## TASK PROMPT
Emit the data below verbatim, stripping out any pictures.

## RECORD SET

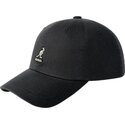 washed-baseball-black-kangol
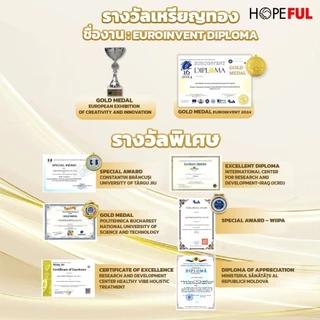 !!ส่งฟรี!! LAB FARM (แล็บ ฟาร์ม) ของแท้ 1 กล่อง บรรจุ 10 แคปซูล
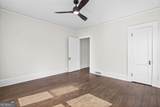 158 Jackson Street - Photo 18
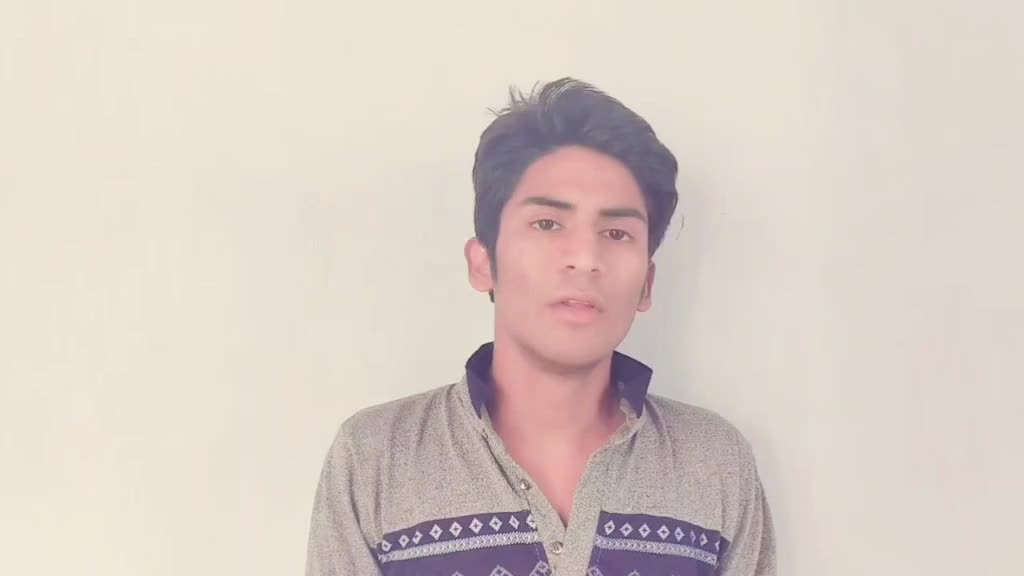 @Abhishek pogo
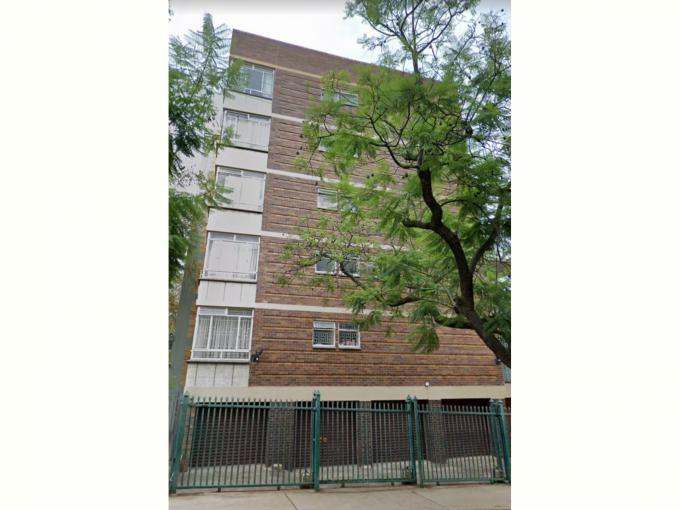4 Bedroom Apartment for Sale For Sale in Sunnyside - MR669815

## RESULT OF THIS TASK
 washed-baseball-black-kangol
 !!ส่งฟรี!! LAB FARM (แล็บ ฟาร์ม) ของแท้ 1 กล่อง บรรจุ 10 แคปซูล
 158 Jackson Street - Photo 18
 @Abhishek pogo
4 Bedroom Apartment for Sale For Sale in Sunnyside - MR669815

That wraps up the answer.